*Work to be completed*:
When you transcribe the lines below, keep every word the same and leave the pictures behind.
*** Information supplied Section Begins ***
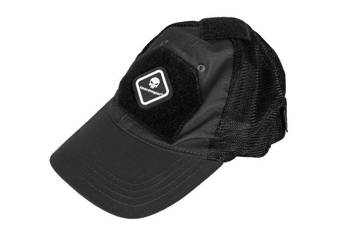 Czapka Tactical Assaulter Cap - czarna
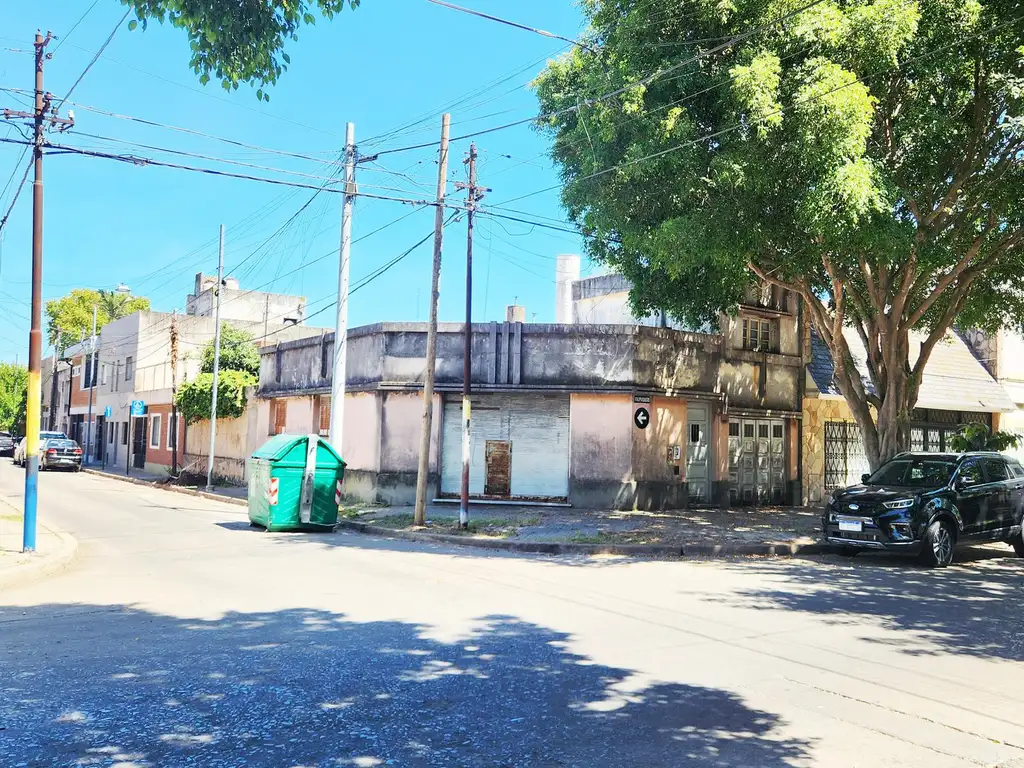 Venta Rosario Echesortu  Valparaiso al 900 - Terreno / Lote en esquina casa reciclar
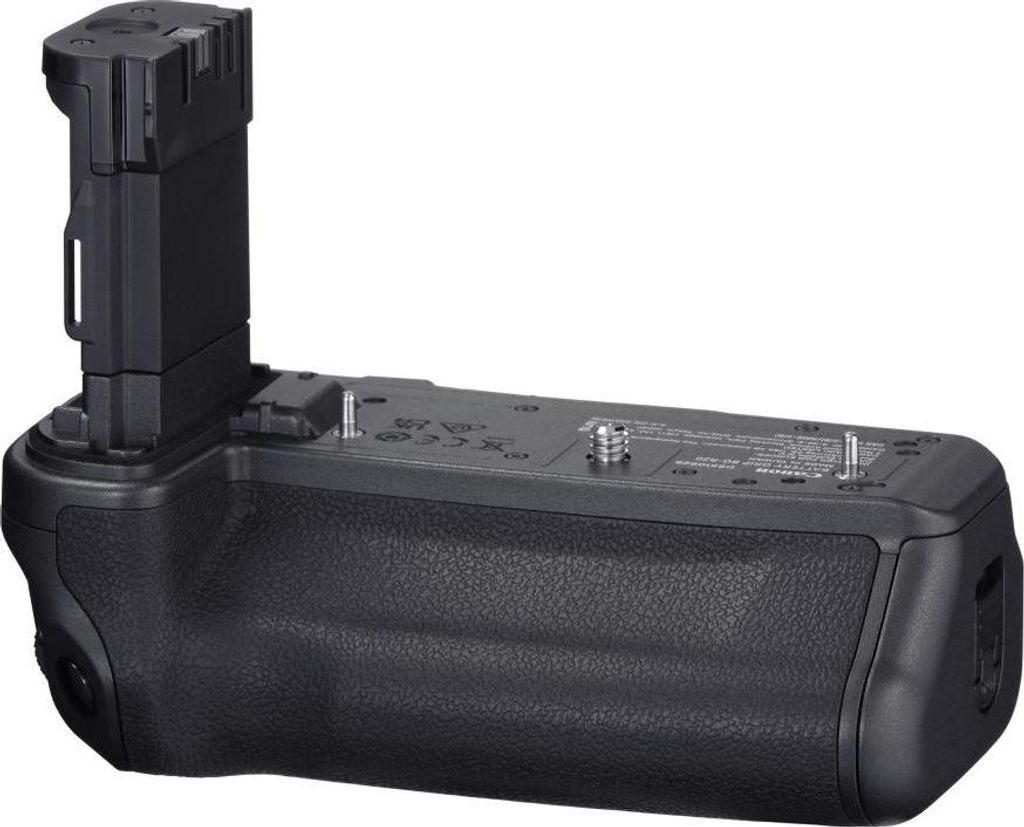 Canon BG-R20, Batteriegriff für Digitalkamera, Canon, EOS R5 Mark II, EOS R5, EOS R6 Mark II, EOS R6, Schwarz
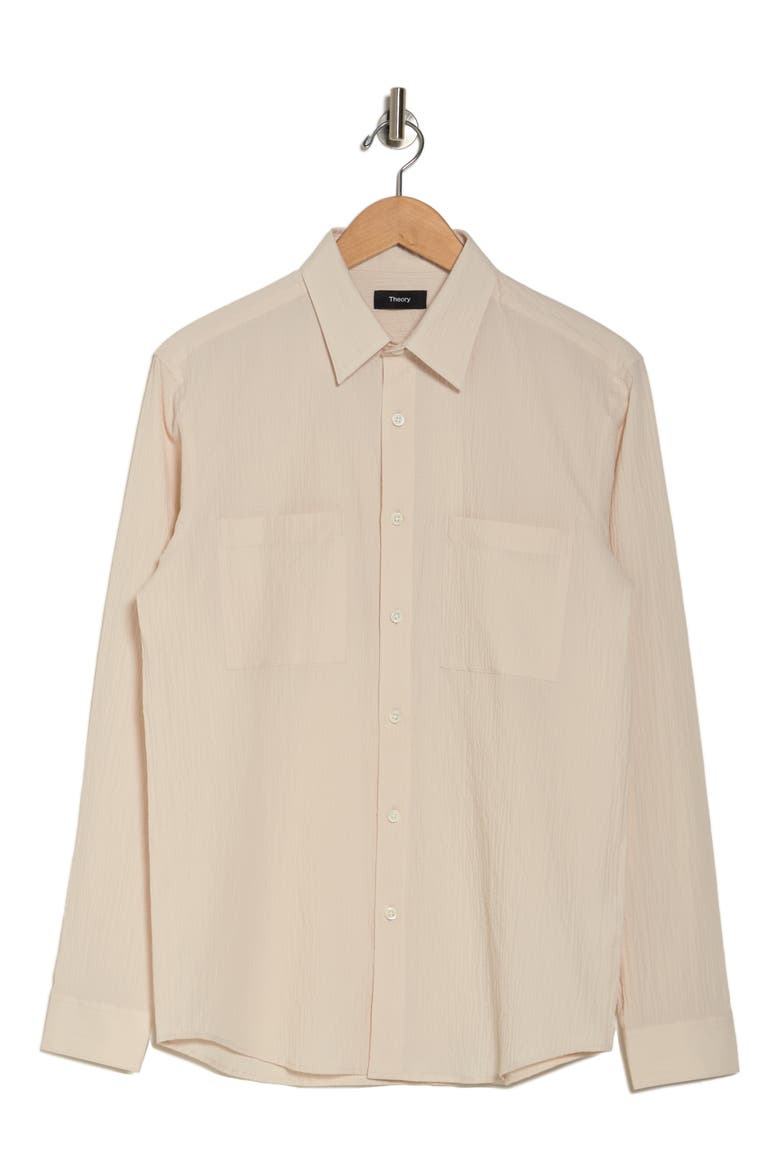 Irving 2P Spring Ripstop Shirt, Alternate, color, MOON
*** Information supplied Section Ends ***
*Your response*:
 Czapka Tactical Assaulter Cap - czarna
 Venta Rosario Echesortu  Valparaiso al 900 - Terreno / Lote en esquina casa reciclar
 Canon BG-R20, Batteriegriff für Digitalkamera, Canon, EOS R5 Mark II, EOS R5, EOS R6 Mark II, EOS R6, Schwarz
 Irving 2P Spring Ripstop Shirt, Alternate, color, MOON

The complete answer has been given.